## What is required
In the copy, every line of the material that follows must appear exactly, and no pictures should.

## Information shown

* * * * * * *

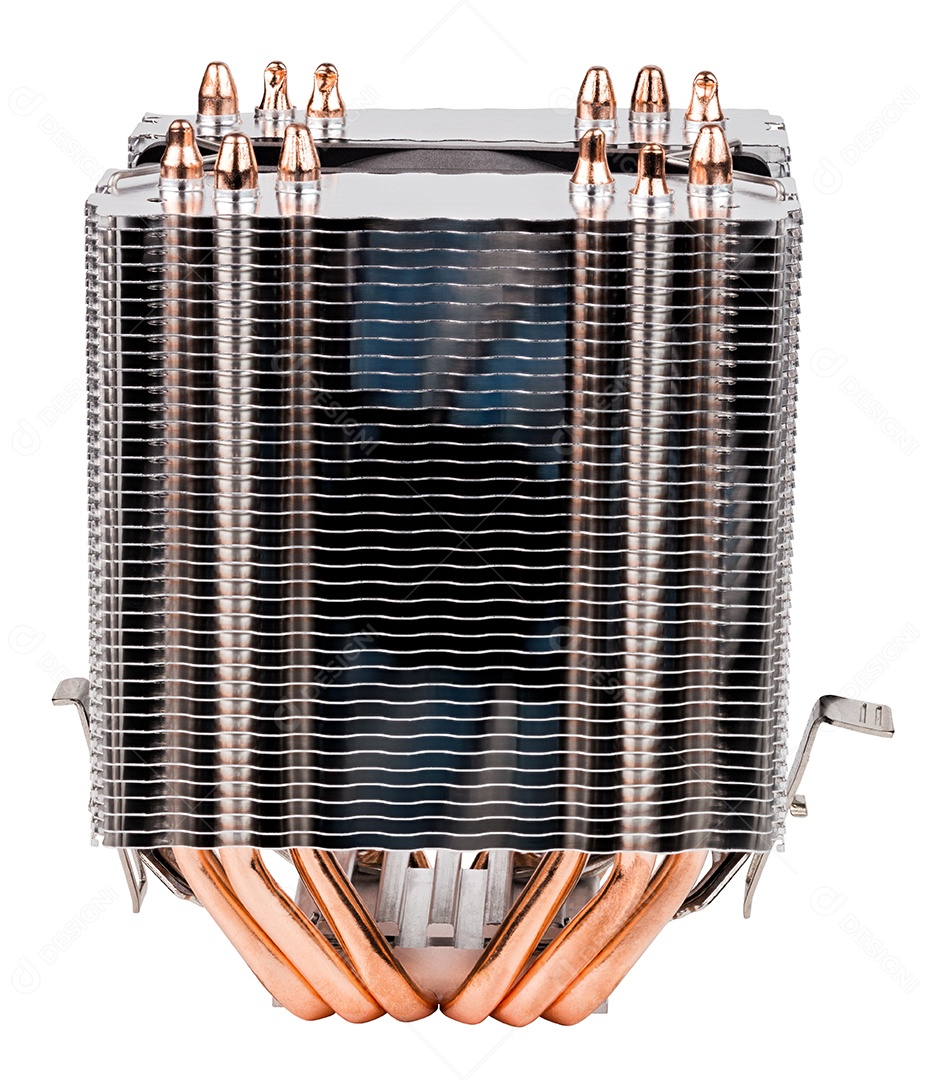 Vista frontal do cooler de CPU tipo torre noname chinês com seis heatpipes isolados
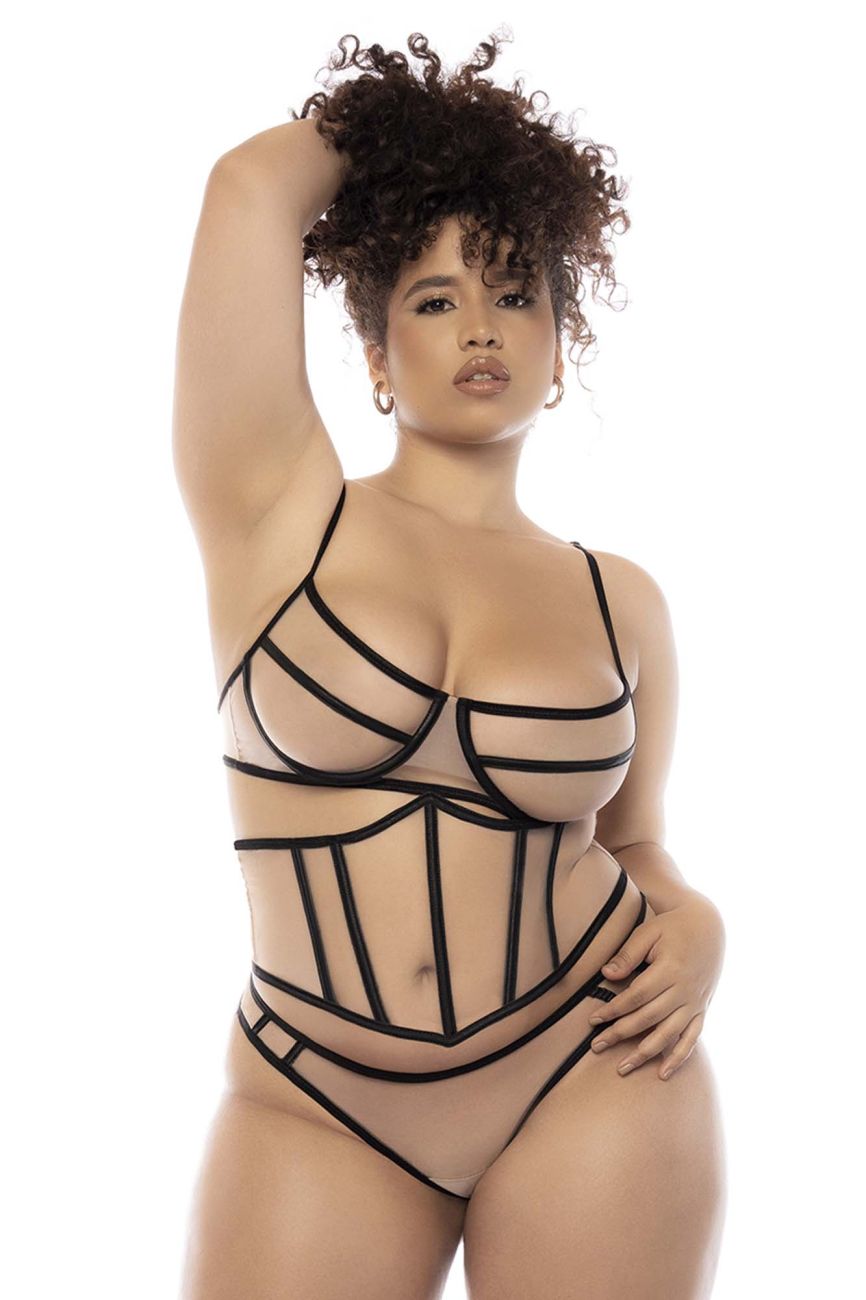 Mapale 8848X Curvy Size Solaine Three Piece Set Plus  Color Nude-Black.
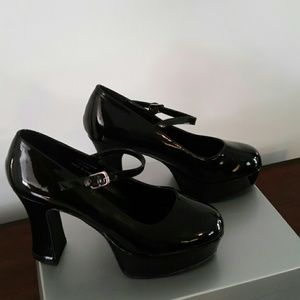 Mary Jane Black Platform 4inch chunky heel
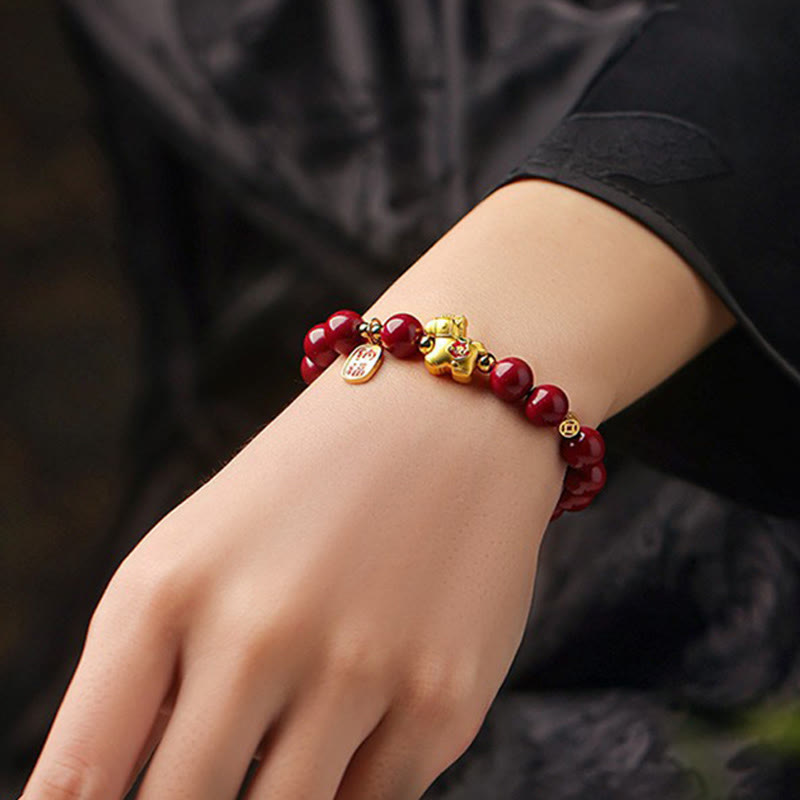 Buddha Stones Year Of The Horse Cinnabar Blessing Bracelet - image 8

* * * * * * *

## Answer to this task
 Vista frontal do cooler de CPU tipo torre noname chinês com seis heatpipes isolados
 Mapale 8848X Curvy Size Solaine Three Piece Set Plus  Color Nude-Black.
 Mary Jane Black Platform 4inch chunky heel
 Buddha Stones Year Of The Horse Cinnabar Blessing Bracelet - image 8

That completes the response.